The problem: Write out again, word for word, the lines below from the line that holds "Lefton Nativity Scene" through the line that holds "2011-2016 宝马 528i", omitting pictures.

Working data:
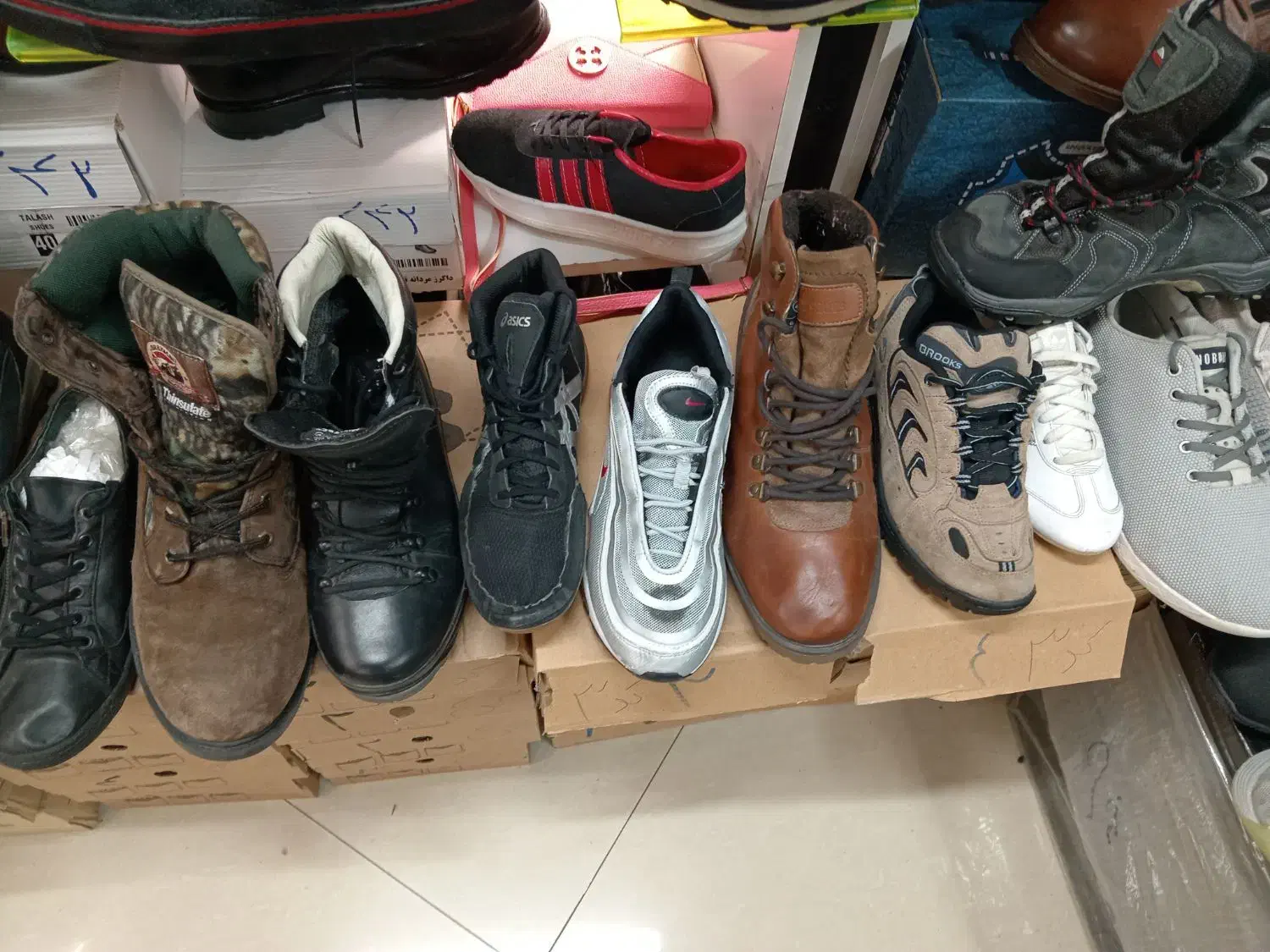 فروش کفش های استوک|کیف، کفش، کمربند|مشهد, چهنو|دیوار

...

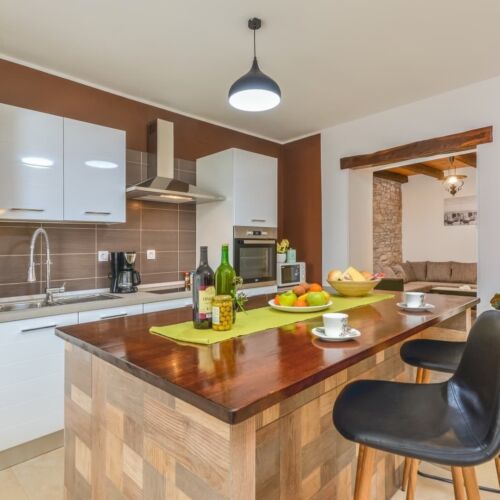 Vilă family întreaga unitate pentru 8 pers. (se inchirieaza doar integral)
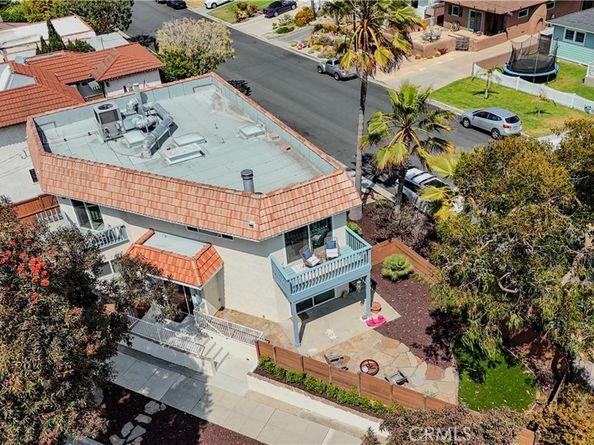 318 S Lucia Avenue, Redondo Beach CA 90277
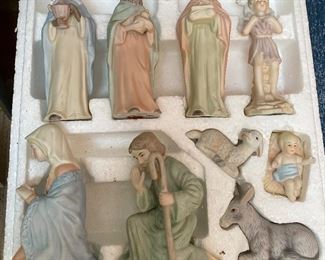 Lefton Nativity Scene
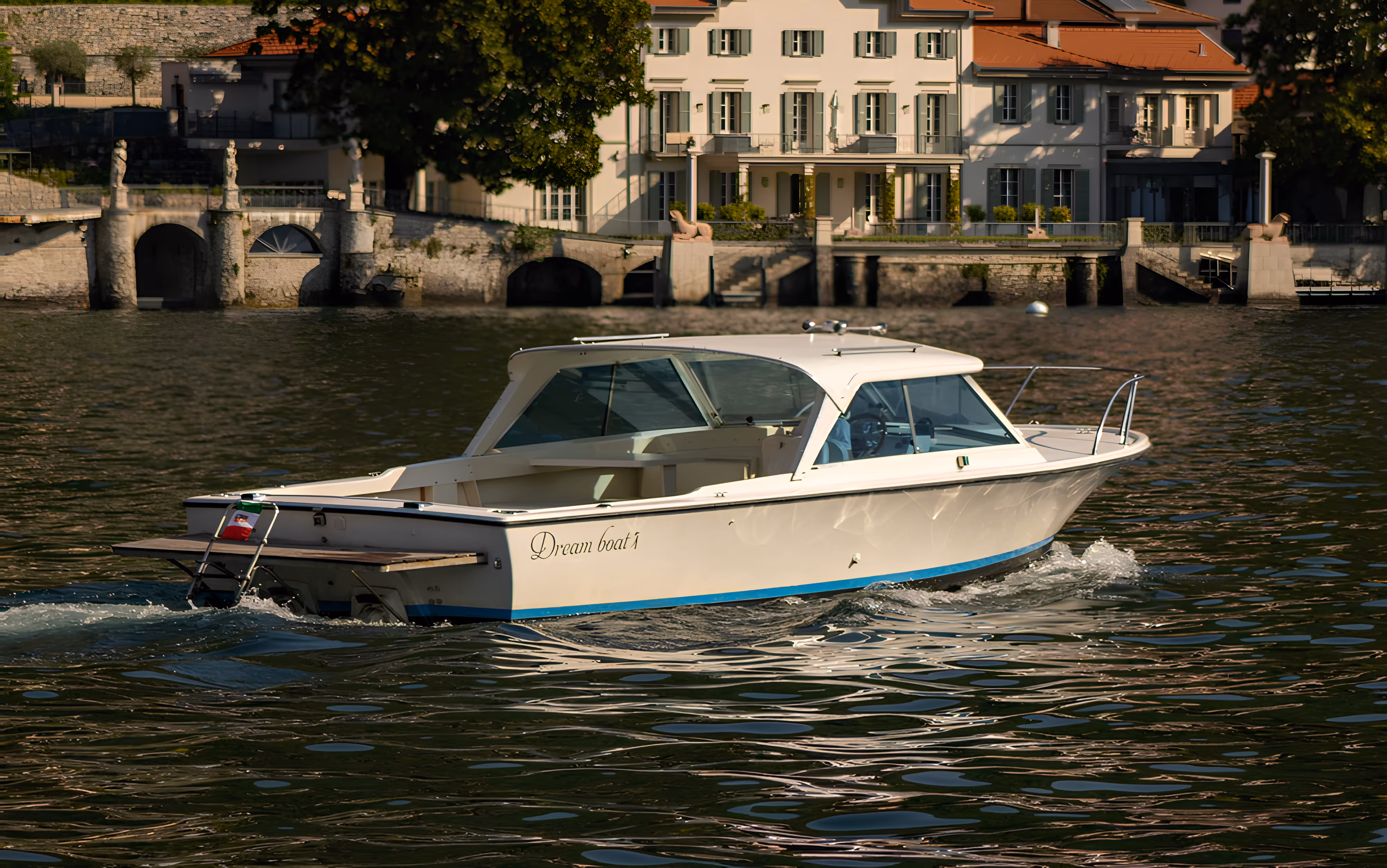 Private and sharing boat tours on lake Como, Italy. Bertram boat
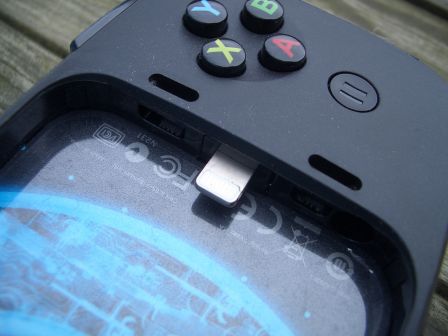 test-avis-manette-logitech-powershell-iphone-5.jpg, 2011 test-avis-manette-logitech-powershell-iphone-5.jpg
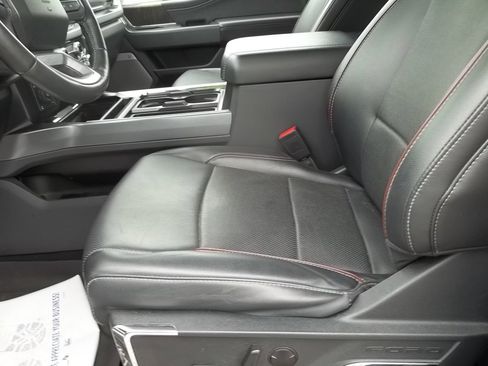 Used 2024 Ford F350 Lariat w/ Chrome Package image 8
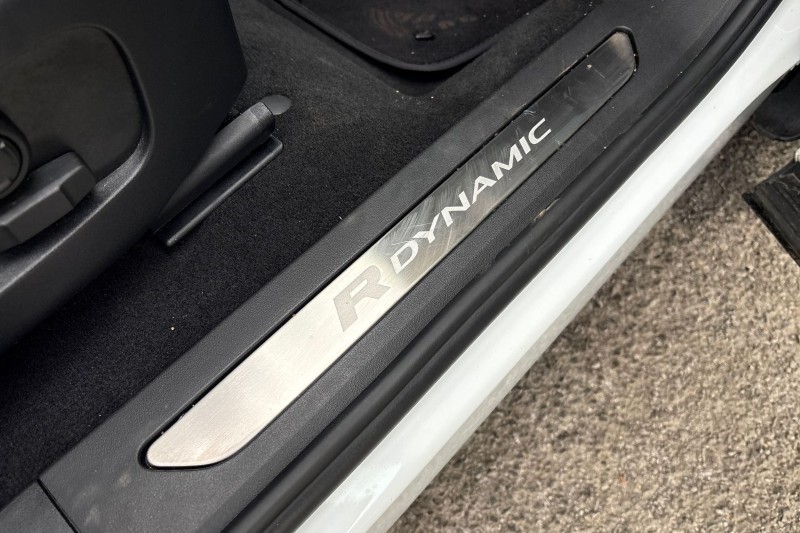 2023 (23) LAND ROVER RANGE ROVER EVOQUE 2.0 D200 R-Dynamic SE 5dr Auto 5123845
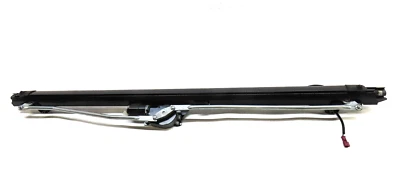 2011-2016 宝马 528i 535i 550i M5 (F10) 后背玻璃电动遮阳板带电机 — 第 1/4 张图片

Result of the exercise:
 Lefton Nativity Scene
 Private and sharing boat tours on lake Como, Italy. Bertram boat
 test-avis-manette-logitech-powershell-iphone-5.jpg, 2011 test-avis-manette-logitech-powershell-iphone-5.jpg
 Used 2024 Ford F350 Lariat w/ Chrome Package image 8
 2023 (23) LAND ROVER RANGE ROVER EVOQUE 2.0 D200 R-Dynamic SE 5dr Auto 5123845
 2011-2016 宝马 528i 535i 550i M5 (F10) 后背玻璃电动遮阳板带电机 — 第 1/4 张图片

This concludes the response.